数秒後、稲峰市を包み込む空気が異質なものに変化した。
Ⅶ
稲峰市と隣の市との境界付近にあるコンビニの駐車場で、織斗は缶コーヒーを傾けながら電話をしていた。
「ええ、そうです。久々津真彦って男ですが、何らかの魔道に手を染めていた可能性が高いです。危険度の高いカルティストかもしれません」
『―――』
「はい、お願いします」
『――』
「だから先生はやめてください、宮四郎さん。はい、それでは」
電話を切る。
「あの人は……」
織斗は困った様子で携帯をポケットにねじ込みながら、
「どうしても『先生』って呼ぶんだからなあ」
「まあ、そう言うでない」
修理の終わったランドクルーザーの助手席に腰を下ろし、幸せそうに甘酒を啜っていた白髪の少女が言った。
「あやつにしてみれば、お主は恩師の息子にして後継者じゃからな。それに先生と呼ばれるのも満更ではあるまい?」
「そんな柄じゃないんだけどな」
コーヒーを啜る。その視線は稲峰市の方を向いていた。
「なんじゃ、織斗」イースはニヤニヤしながら、「やはりあの小娘に未練があったのではないか?」
「……そんなんじゃないよ」
「照れるでない。そんなに気になるならば、また会いに行けばよいではないか。学校祭とかいうカーニバルに呼ばれておるのじゃろう? いや、秋じゃからこの場合はフェスティバルか?」
「収穫祭も何も関係ないさ」
織斗は努めて平静な声で、
「俺が気になってるのは、『妖精の眼』の保有者の大量発生の謎が解決していないことだよ」
「ふむ、そのことか」
この話題に関しては、イースも顔を引き締めた。
「情けない話じゃが、わらわもさっぱり見当が付かん」
「あの久々津って男が、なんらかの妖術か魔道を使って能力者を作り出したって可能性は?」
「何度も言うが、それは考えにくいの。
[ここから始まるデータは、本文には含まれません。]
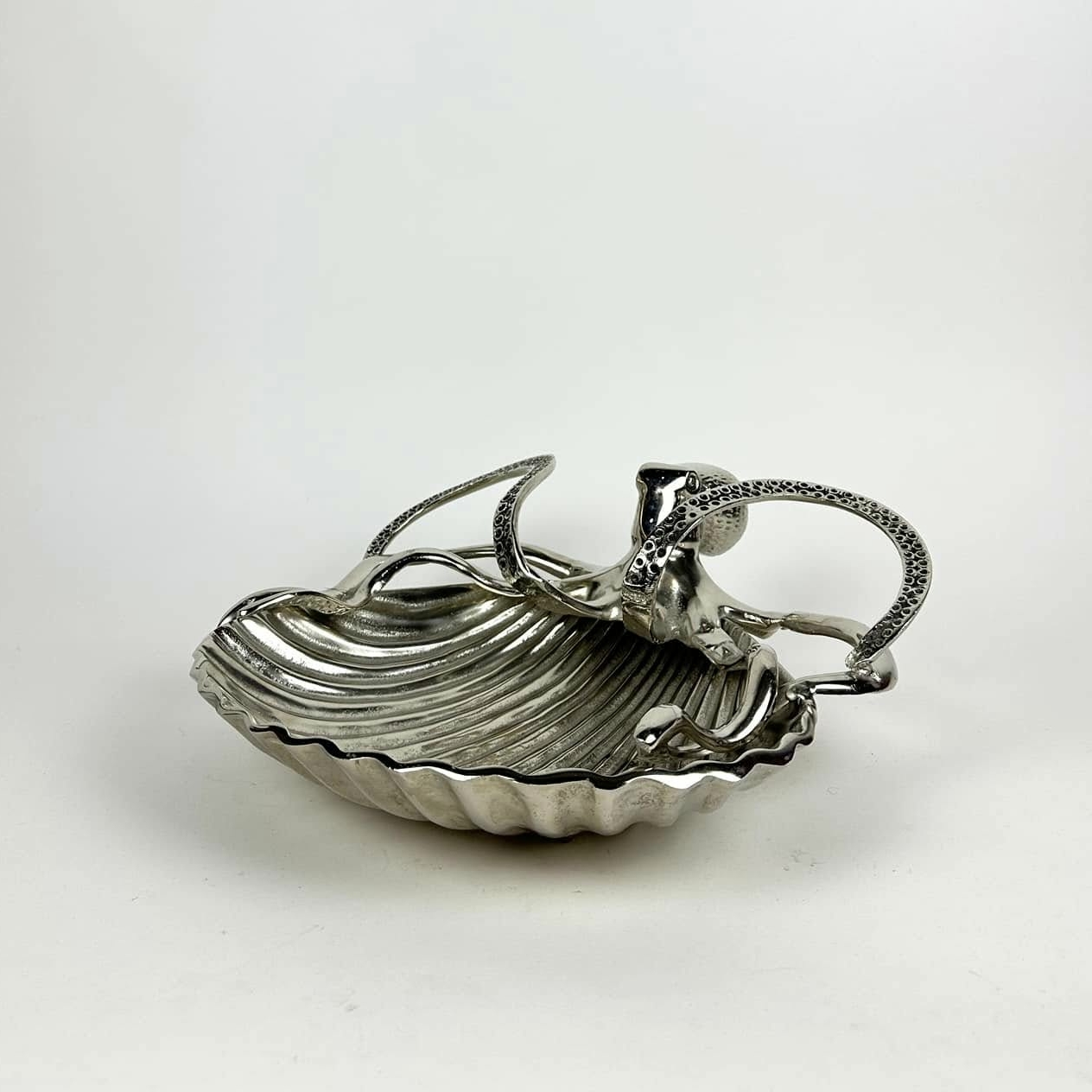 Ваза-чаша / блюдо Мушля з восьминогом сільвер метал VA-530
能力者を意図的に生産することは不可能に限りなく近いのじゃ。古今東西、成功したという話は一遍たりとも聞いたことはない。もちろん、あの久々津という小僧が稀代の大魔道師であれば話は別じゃがな」
「どっちにしろ、宮四郎さんからの連絡待ちか……」
そう言いながらも、しかし織斗の胸には気持ちの悪いほどのしこりがわだかまっていた。うなじのあたりがちりちりと総毛立っている。
実は織斗には、二つ腑に落ちないことがあった。一つは今言った能力者の大量発生の事。そしてもう一つは、昨夜鞠亜を助ける直前に見た―――
「ッッ!」
その時ふいに、織斗の背中を最大級の悪寒が走った。頭蓋骨に開けられた穴から、脳みその中に直接液体窒素を流し込まれたかのような感覚。
「これは!」
織斗は弾かれたように稲峰市の方に目を向け、そして絶句した。
昼間だというのに、稲峰市全体が薄闇に包まれていた。まるでそこだけ太陽の祝福を拒んでいるかのように。生臭い、まるで腐った魚の腸のような臭いが漂っている。
「な、なんじゃ、これは……?」
愕然とイースがつぶやく。
その時、突如として耳障りな絶叫が響き渡った。コンビニの中からだ。
慌てて店内に飛び込んだ織斗とイースが目にしたのは、その場でうずくまり、あるいは恐怖に顔を歪ませながら必死に逃げまどっている人々の姿だった。
「な、なんだこれ……うあああああああ!」
「う、うわぁ……見せるなぁ! 見せるなっ」
「いやいやいやいやいやいやぁぁぁぁぁ!」
店員も客も、男も女も関係なく絶叫する。共通するのはたった一つ。
全員が右目を押さえている、それだけだった。
「な、んだ……これ……」
あまりに異常な光景に、織斗は戦慄を隠せない。
数秒後、さらに織斗を戦慄させる事実がイースから告げられた。
「妖精の眼じゃ……」
イースの声も震えていた。
「全ての者の右目が、妖精の眼と化しておる」
「まさか……」
織斗はコンビニを飛び出すと、周囲に視線を走らせた。町のそこかしこでコンビニの店内と同じような光景が繰り広げられている。蛇行してきた自動車が電柱に衝突し、そのまま炎上を始める。同様の事故がそこかしこで起こっていた。
「学校祭とかいうレベルじゃないぞ……」
恐怖と異常に満ちたお祭り騒ぎが、町中で始まっていた。